Scott Marinoff told me about this. The Nixon Library in Yorba Linda, California recently released nearly 100,000 pages of presidential records and eighty hours of videotaped interviews relating to the 37th president of these United States. Included in the batch was this letter (PDF file) penned on February 21, 1973. In it, John D. Ehrlichman, who was then the Assistant to the President for Domestic Affairs wrote to cartoonist Garry Trudeau to request the original art to a Doonesbury Sunday page — the one for February 11, 1973.
It's one of those strips in which every panel is the same long shot of the White House and we "hear" voices coming from within — in this case, both ends of a phone conversation between Richard M. Nixon and his wife Pat, who are in different sections of the building. Nixon says to his spouse, "I have this nagging feeling I've forgotten to do something today" and he asks her to read him a copy of a schedule he left in the pocket of his other suit.
She reads it to him and there's three hours alloted for one foreign affairs meeting and two hours for another and so on…until she gets down to "Domestic Affairs — 4:00 – 4:15" and Nixon cries, "That's it!"

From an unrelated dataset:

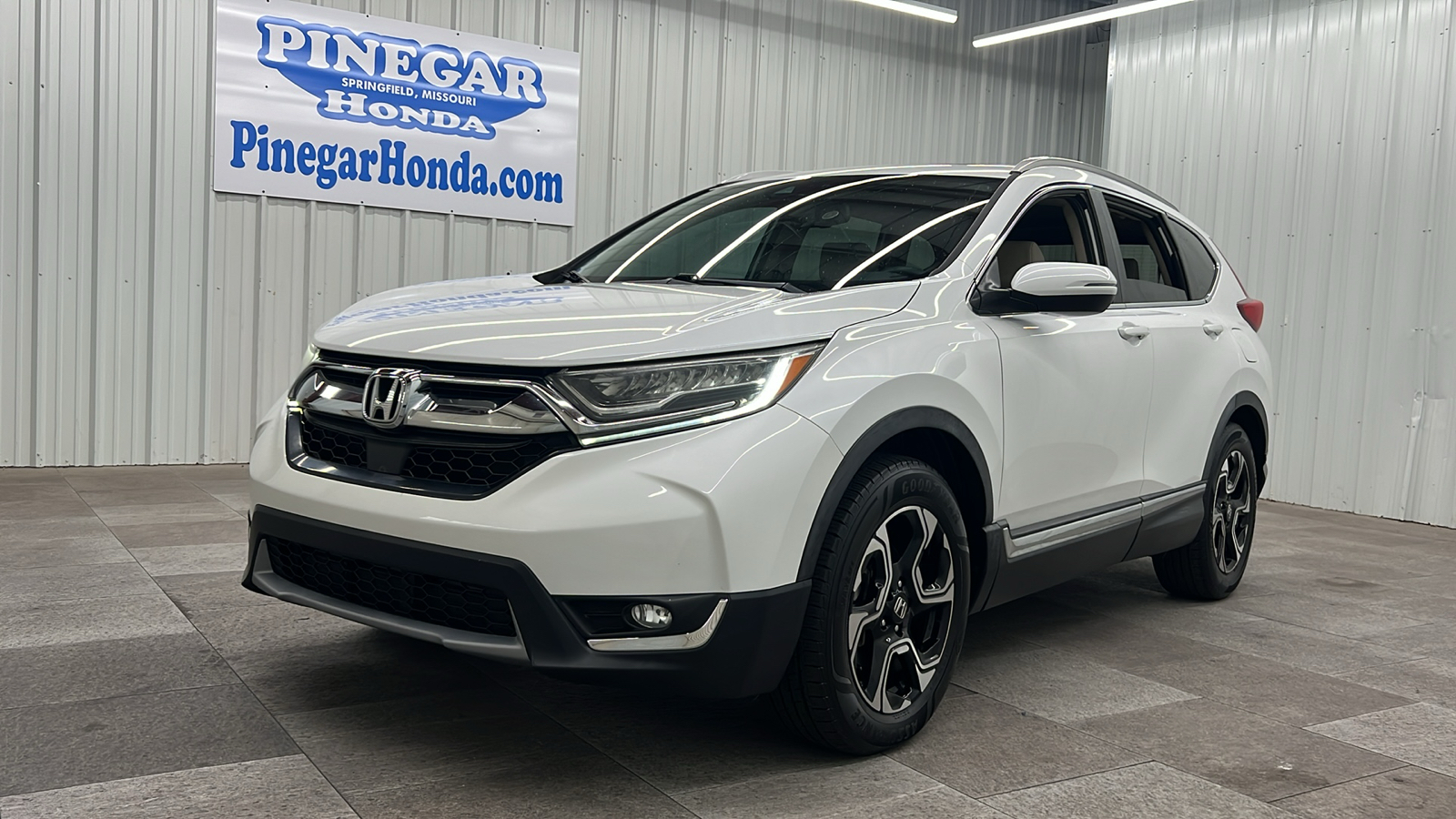 2019 Honda CR-V Touring 1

That's the page Ehrlichman, who was in charge of meeting with Nixon about Domestic Affairs, wanted to hang on his wall along with other comic strip originals he owned, including a Pogo and a Broom Hilda. There is no information as to whether he received it and no info as to whether he later put any of his comic strip collection up in his cell. On April 30 of that year in connection with the Watergate scandal, Nixon requested and got the resignations of Ehrlichman and his fellow advisor H.R. Haldeman. On January 1, 1975, Ehrlichman, Haldeman and former Attorney General John Mitchell were convicted of multiple Watergate-related crimes and sent to prison for, in Ehrlichman's case, eighteen months.
There's also no information as to whether Mitchell ever requested the infamous Doonesbury strip for May 19, 1973 in which he was proclaimed as "Guilty, guilty, guilty." But I suspect not.